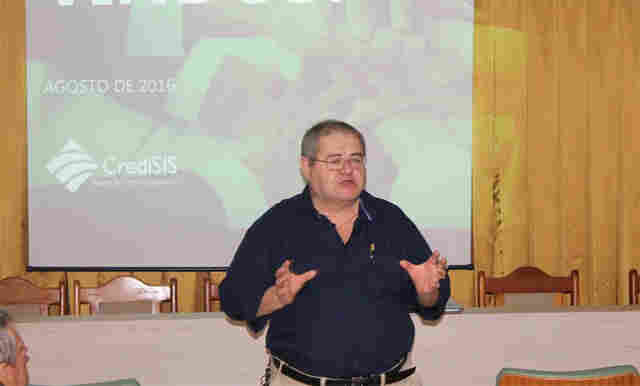 Sistema CrediSIS oferece treinamento sobre cooperativismo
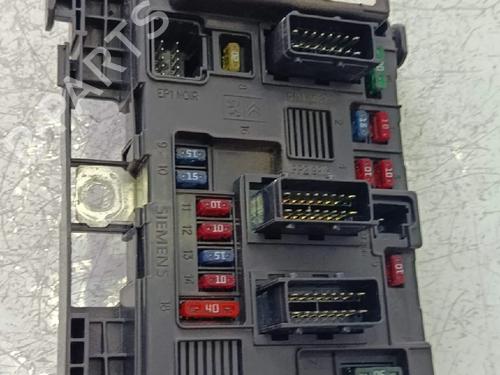 Used Fuse box Fuse box 39593513 39593513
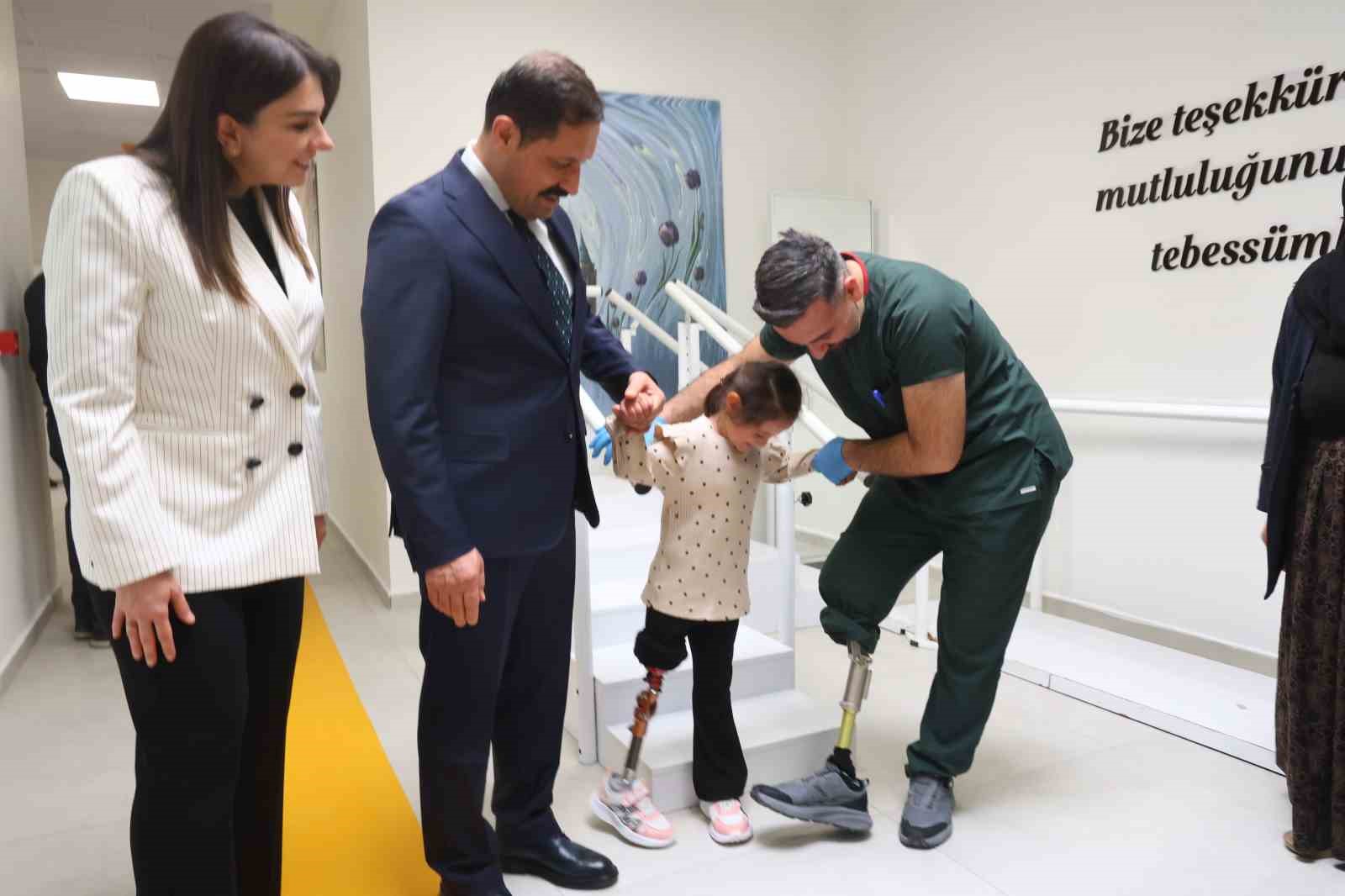 depremde ailesini kaybeden zeynep barbieli protez bacagiyla yeni hayatina ilk adimlarini alkislar esliginde atti RWqVdwzt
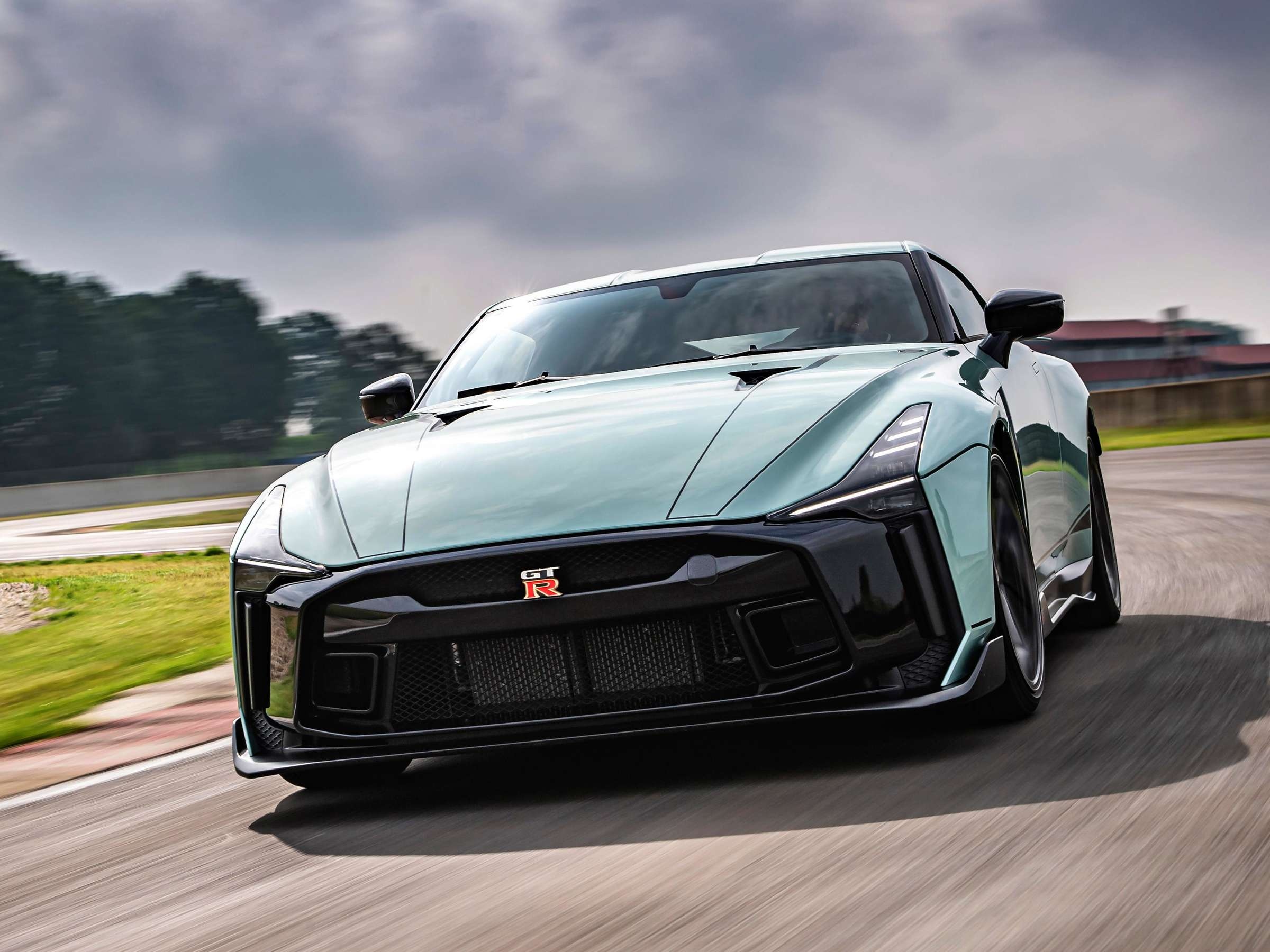 Nissan GT-R, Limited Edition, Expensive, 2400x1800 HD Desktop
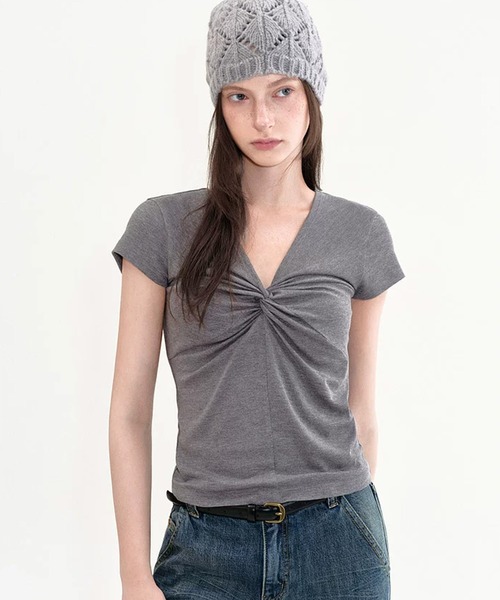 Fano Studios(ファノ ストゥディオズ)の「Vネック ツイストデザイン 半袖トップス FX26S216【Fano Studios】【2026SS】(Tシャツ/カットソー・レディース・グレー・S/M/L)」の10枚目の写真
....
§ What this task involves: Please write out exactly the lines from the one holding "depremde ailesini kaybeden" through the last line of the material above, both included, as a copy without pictures.

§ Answer to this task:
 depremde ailesini kaybeden zeynep barbieli protez bacagiyla yeni hayatina ilk adimlarini alkislar esliginde atti RWqVdwzt
 Nissan GT-R, Limited Edition, Expensive, 2400x1800 HD Desktop
 Fano Studios(ファノ ストゥディオズ)の「Vネック ツイストデザイン 半袖トップス FX26S216【Fano Studios】【2026SS】(Tシャツ/カットソー・レディース・グレー・S/M/L)」の10枚目の写真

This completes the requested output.